If you’re ever invited to dinner with the Lopps 9 times out of 10 we’ll probably be having tacos, taco salads, fajitas, tostadas and any other way we can throw meat on a tortilla. Of course no Mexican dish is complete without salsa and since I can eat salsa by the spoonfuls I’m canning salsa like a squirrel hordes acorns for the winter!
I was so excited to find some great canning recipes in my July issue of Better Homes and Gardens. They had all kinds of great tips as well so if you missed out you should really see if you can get a back order or borrow someone who has a subscription. I was so impressed with their photos and detailed descriptions I decided to give their Chunky Tomato Salsa a try.
STAGE 1: Prepare Tomatoes
Seed, core and coarsely chop tomatoes (about 15 cups).
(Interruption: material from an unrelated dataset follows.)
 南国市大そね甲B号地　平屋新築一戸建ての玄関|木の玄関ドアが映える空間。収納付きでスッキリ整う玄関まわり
Feel free to make the tomatoes as chunky as you prefer. You can also plan on throwing your salsa into the blender before serving so that you don’t have to chop the tomatoes into bite size pieces, which can be very time consuming. Place tomatoes in a large colander and let drain for 30 minutes.
Using a 7-8 qt. pot, bring tomatoes to a boil and reduce heat. Boil gently, uncovered for about 1 1/2 hours or until desired consistency, stirring occasionally.
* I would recommend preparing stage 2 while stage 1 is cooking. Chopping all the ingredients is very time consuming and may take the entire hour and half to prepare.
STAGE 2: Combine all Ingredients
Add chopped peppers, onions, lime juice, vinegar, tomato paste, minced garlic, cumin seeds, and 1 tsp. each salt and pepper. Return to a boil, reduce heat. Simmer, uncovered for 10 minutes and remove from heat.
Stir in cherry tomatoes (halved) and cilantro.
STAGE 3: Presterilize the jars
Using a boiling water canner (or large pot) boil 2-4 inches of water. Once boiling, slowly lower the jars one at a time with a canning rack (or with grilling tongs) and let boil for 2-5 minutes. Pull jars out and set aside.
STAGE 4: Fill jars with Salsa
Use a ladle or a glass liquid measuring cup to pour salsa into each hot, clean jar along with a canning funnel. Leave a 1/2 inch headspace at the top. Wipe jar rims and top with lids immediately.
* Grandma always has a wet rag handy to help hold onto hot, wet jars.
STAGE 5: Preserve the Salsa
Process the salsa in a boiling water canner (or large pot) for 15 minutes. Start timing when water returns to a boil. Remove jars and let cool for 24 hours on a cooling rack.
* Recipe says it makes about 5 pint jars, my salsa filled 4 quart jars…good luck on that one!
STAGE 6: Cool and Store the Jars
Remove jars and let cool for 24 hours on a cooling rack.
*Do not test lid tops until after 24 hours. Any jars that have lids pop back up after 24 hours will need to be kept in the refrigerator.
Just like our pickles, the final display is yet another colorful piece to keep your kitchen bright and fresh for those winter months! It’s hard to imagine that these may make great gifts for Christmas when people are looking for a good excuse to warm things up a bit!
• 8 lbs. ripe tomatoes (about 16)
• 2 cups seeded and chopped Anaheim or poblano chile peppers (2 to 3)
• 1/3 to 1/2 cup seeded and chopped fresh jalapeno chile peppers (2 large)
• 2 cups chopped onions (2 large)
• 1/2 cup lime juice
• 1/2 cup white vinegar
• 1/2 of a 6-oz can (1/3 cup) tomato paste
• 5 cloves garlic, minced
• 1 tsp. cumin seeds, toasted and crushed
• 3 cups yellow or green cherry tomatoes, halved
• 3/4 cup torn fresh cilantro (or to taste)
• 4 quart jars w/ lids
• 2 large pots (I use an actual boiling water canner but you can use a large pot to preserve the salsa. Just make the sure the pot is tall enough to cover 1 inch of the jars with boiling water).
• cake cooling rack (old cookie sheet)
• wet rag
* Recipe taken from the July 2010 issue of Better Homes and Gardens
Wishing you the best of luck and incase things don’t turn out, let me know…I may have a couple of extra jars lying around.